Editor's note: In September 1996, the NTSB claimed that a dog-training exercise a month before the crash of TWA 800 was responsible for the explosive residue found on the plane. In Part 1 the authors argued that this claim is a classic red herring </news/article.asp?ARTICLE_ID=24270>. A check of the records and a conversation with the officer responsible for the exercise leads one to believe that the exercise took place on another plane.
James Sanders, a former police officer turned investigative reporter, co-writes this report with Jack Cashill.

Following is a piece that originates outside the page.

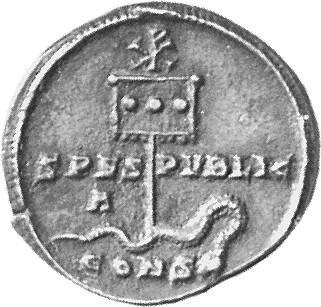 RIC VII Constantinople 19 Constantine I reverse, Legend across field; labarum with three medallions on drapery, crowned by...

Sanders is the author of "The Downing of TWA Flight 800" and "Altered Evidence," among other books.
© 2001 WorldNetDaily.com
From day one, despite ample eyewitness testimony and troubling FAA radar data, federal authorities suppressed virtually all talk of a missile. When, however, it was revealed that explosive residue was found on the plane, the authorities had to at least allow for the possibility of an explosive device. For a variety of reasons, none of them related to the evidence, those in charge preferred a bomb to a missile.
To this end, Robert Francis, the NTSB vice chairman in charge of the investigation, served as the chief disinformation officer. The word "missile" never seems to have passed his lips, even though all evidence pointed in that direction, including the PETN and RDX which are found in missile warheads and in solid fuels as well as in bombs.

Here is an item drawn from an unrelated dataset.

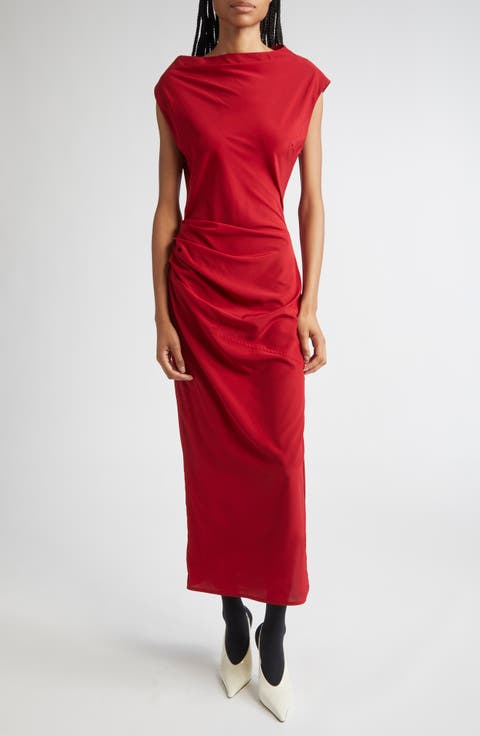 Tasa Ruched Asymmetric Dress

Even when Francis mentioned "bomb," he inevitably did so in the negative. As testament, consider his comment to CNN on Sept. 21, 1996, "If there was a bomb on the plane, there's going to be evidence that transcends what we're talking about here."

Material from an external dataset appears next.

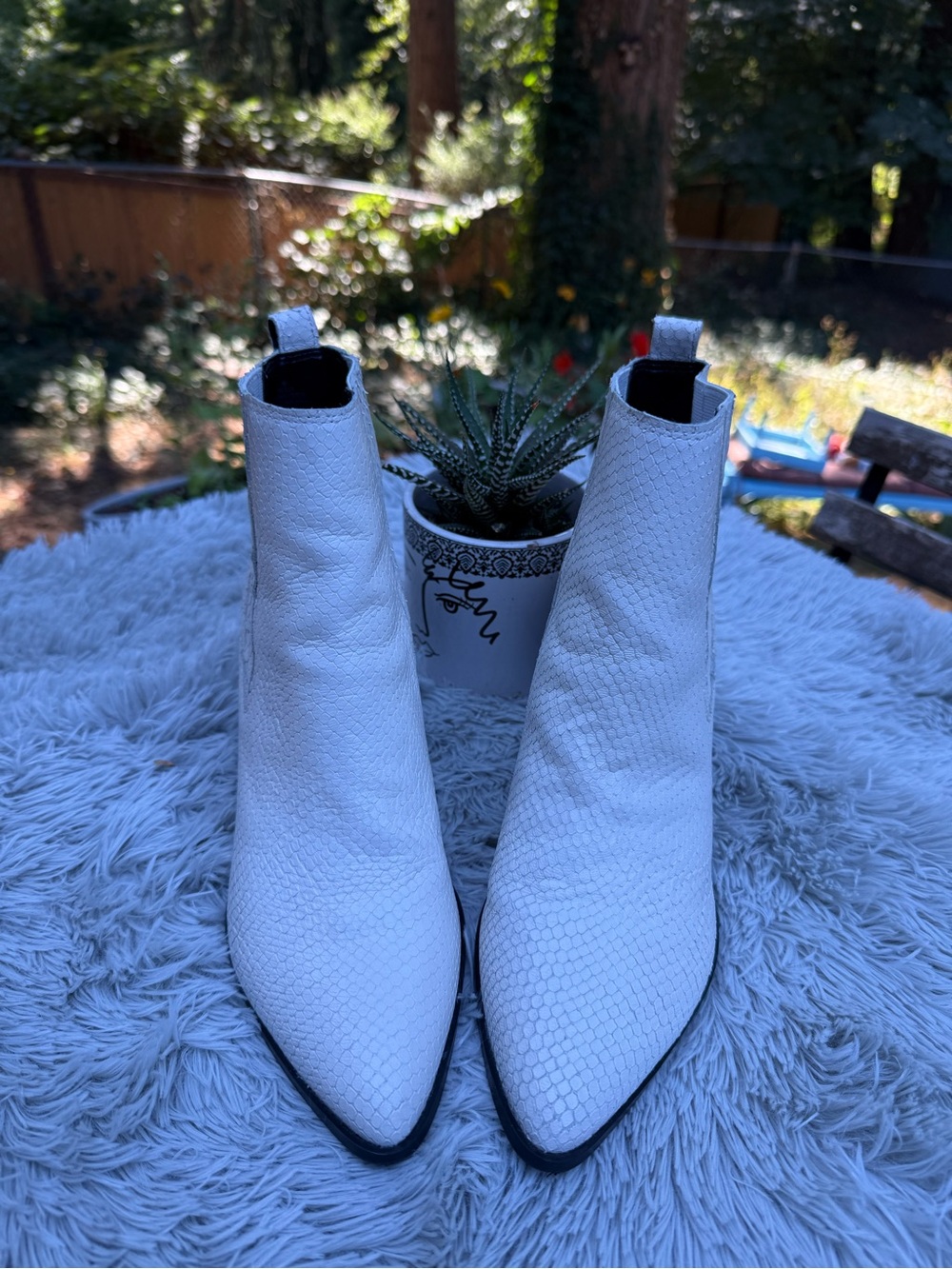 Nine West White Animal Print Textured Leather Pointed Ankle Boots - Women's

Before news of the dog training broke, Francis had been sounding increasingly shrill and out of touch. When Don Van Natta Jr. of the New York Times reported on Aug. 14 that recent findings had dealt "a serious blow to the already remote possibility that a mechanical accident caused the crash," Francis stuck grimly to the spin. He told Van Natta, ''I don't think anything rules out anything at this point.''
After news of the dog exercise broke, the story began to spin back Francis's way. A Sept. 20 subhead from CNN – "Bomb not ruled out" – reveals just how matter-of-factly the media had begun to parrot the false dialectic between bomb and mechanical. It also suggests that "mechanical" was now the favored theory, at least by the NTSB and CNN.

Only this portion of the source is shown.